В заключение Юрий Мальцев пишет:
"Эта книга неизбежно окажется неполной. Она не может быть исчерпывающей в силу самого характера своего предмета — тайного, нелегального, преследуемого, прячущегося. Я постарался собрать все сведения, какие только мог, прочитать все, что только удавалось (и часто чтение это в России было небезопасным — за такую любознательность можно было поплатиться несколькими годами концлагеря). Очень может быть, что где-то сокрытые в тайне лежат сейчас замечательные произведения, которые когда-нибудь будут считаться шедеврами нашего времени, как лежали сокрытые десятилетиями романы Михаила Булгакова и Андрея Платонова, которыми сейчас все восхищаются.
Самиздат — это не организация, как думают некоторые на Западе, это стихийный спонтанный процесс. Есть множество маленьких тайных групп, кружков в разных городах, никак не связанных меж собой и часто ничего не знающих друг о друге и имеющих свой собственный маленький самиздат. И есть много писателей-одиночек, не связанных ни с какими кружками и группами, ни с какими тайными каналами распространения самиздата, а пишущих "в стол". Но всё вместе это — подлинная духовная жизнь сегодняшней России, подспудно бурлящая под тонкой омертвевшей коркой официальной культуры. Разорвать этот поверхностный мертвый нарост и явить миру подлинное лицо России стремятся сегодня те, кому дорога истина, и если нашей книге хоть в малейшей мере удалось способствовать этим попыткам, то работа не была напрасной".

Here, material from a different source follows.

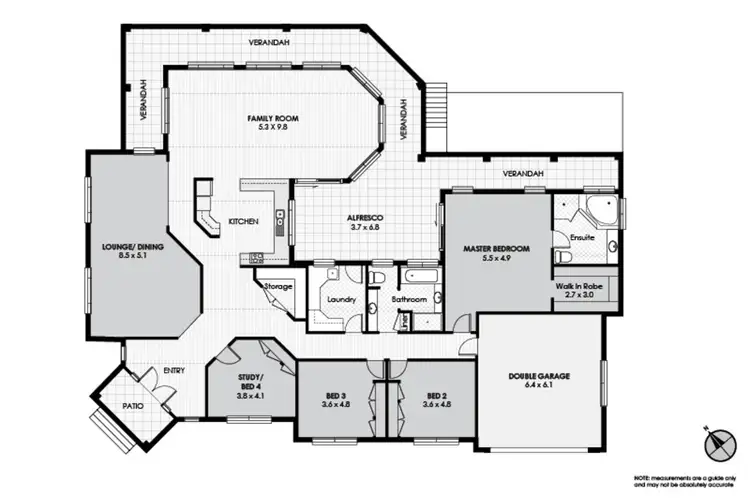 Floorplan of Homely house listing, 41 Tea Tree Avenue, Aberglasslyn NSW 2320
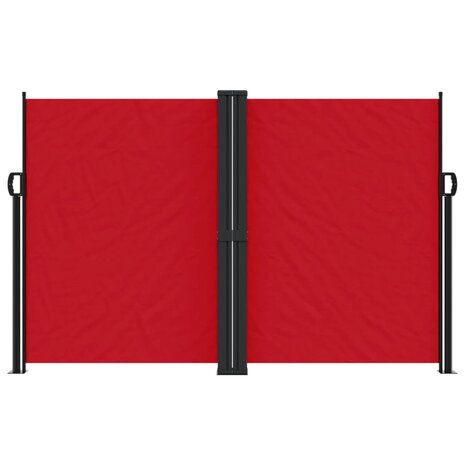 Windscherm uittrekbaar 160x600 cm rood 3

С момента написания этих строк прошло двадцать лет. Юрий Мальцев по-прежнему живет в Италии. Ему, переведшему еще в России книги Альберто Моравиа, Эдуарда де Филиппо и многих других итальянских авторов, равно близки две культуры. Недавно Юрий Владимирович прислал нам свое эссе о Венеции. Послушайте его в чтении Марии Кляйн и в сопровождении музыки Отторино Респиги.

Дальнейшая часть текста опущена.